Syros Pharmaceuticals, a company focused on the development of medicines that control the expression of genes will acquire Tyme Technologies, a company developing cancer metabolism-based therapies with low toxicity profiles.
Syros will acquire Tyme’s assets and net cash at closing, which after accounting for wind-down and transaction expenses is currently estimated to be approximately $60 million.
The combined company will trade on Nasdaq under the ticker symbol “SYRS” and will be led by Syros’ existing management team, including Syros CEO Nancy Simonian, and will remain focused on advancing Syros’ pipeline of small molecule medicines for the treatment of orphan hematological and common cancers.
Concurrent with the merger, Syros announced an oversubscribed $130 million private investment in public equity (PIPE) financing at a price per unit of $0.94. New and existing investors in the PIPE, which was led by a life sciences-focused investment fund, include Syros co-founder and founding investor Flagship Pioneering, Avidity Partners, Deep Track Capital, Bain Capital Life Sciences, Invus, Samsara BioCapital, Adage Capital Partners, Ally Bridge Group, and Cowen Healthcare Investments, as well as other investors.
Additionally, Syros stockholders holding approximately 28 percent of the outstanding shares of Syros common stock and Tyme stockholders holding approximately 30 percent of the outstanding shares of Tyme common stock signed support agreements obligating them to vote in favor of the transactions.
Syros also announced an amendment to its senior secured loan facility with Oxford Finance that, subject to certain conditions, will extend the interest-only payment period from March 1, 2023 to March 1, 2024 (and, upon the achievement of certain milestones, September 1, 2024), and will extend the maturity date from February 1, 2025 to February 1, 2026 (and, upon the achievement of certain milestones, August 1, 2026).

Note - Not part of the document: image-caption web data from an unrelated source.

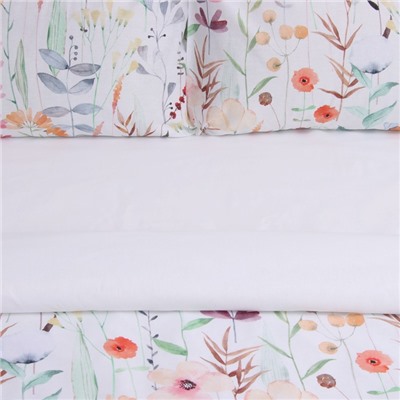 Постельное бельё Этель евро Wildflowers, 200х217см, 220х240см, 50х70см-2 шт, поплин, 125 г/м2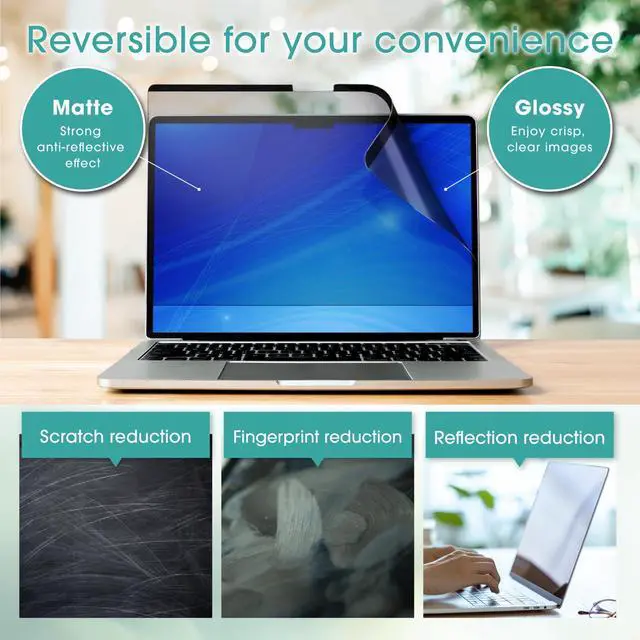Alt view image 5 of 5 - BELLEMOND 14 Inch 16:10 Magnetic Laptop Privacy Screen Filter - Computer Monitor Privacy Shield Removable & Reversible Anti-Slip Privacy Screen Protector with Anti Glare & Blue Light Reduction - 1PC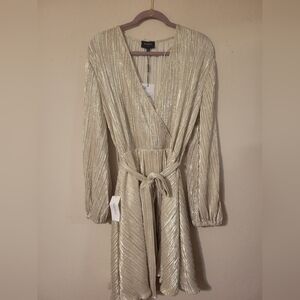 Bardot Shimmering Silver Long Sleeve Dress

Following the closing of the merger, financing, and debt agreement amendment, the total cash balance of the combined company is expected to be approximately $240 million (after transaction expenses), sufficient to fund Syros’ planned operating expenses and capital expenditure requirements into 2025.

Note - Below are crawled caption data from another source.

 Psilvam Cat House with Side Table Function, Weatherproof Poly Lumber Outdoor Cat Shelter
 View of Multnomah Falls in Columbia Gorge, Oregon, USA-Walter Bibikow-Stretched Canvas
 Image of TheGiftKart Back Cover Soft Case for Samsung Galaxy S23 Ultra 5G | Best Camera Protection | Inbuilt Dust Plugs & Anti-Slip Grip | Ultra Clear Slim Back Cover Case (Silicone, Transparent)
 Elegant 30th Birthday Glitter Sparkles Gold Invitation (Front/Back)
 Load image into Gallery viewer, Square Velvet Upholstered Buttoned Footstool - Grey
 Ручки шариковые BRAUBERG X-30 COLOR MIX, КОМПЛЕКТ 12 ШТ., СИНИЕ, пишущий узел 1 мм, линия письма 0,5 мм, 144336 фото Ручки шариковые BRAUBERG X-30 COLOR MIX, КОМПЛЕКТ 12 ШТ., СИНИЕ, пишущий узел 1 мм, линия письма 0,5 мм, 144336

“This is a pivotal moment for Syros. We believe these transactions will bring us the necessary capital to advance our late-stage clinical programs toward commercialization, including tamibarotene, currently being studied in the SELECT-MDS-1 trial, the randomized portion of the SELECT-AML-1 trial, and SY-2101, which we plan to advance into a phase 3 trial next year for the treatment of acute promyelocytic leukemia,” said Simonian. “After evaluating safety lead-in data from the SY-5609 phase 1 trial in pancreatic cancer we will assess the optimal path forward for this program.”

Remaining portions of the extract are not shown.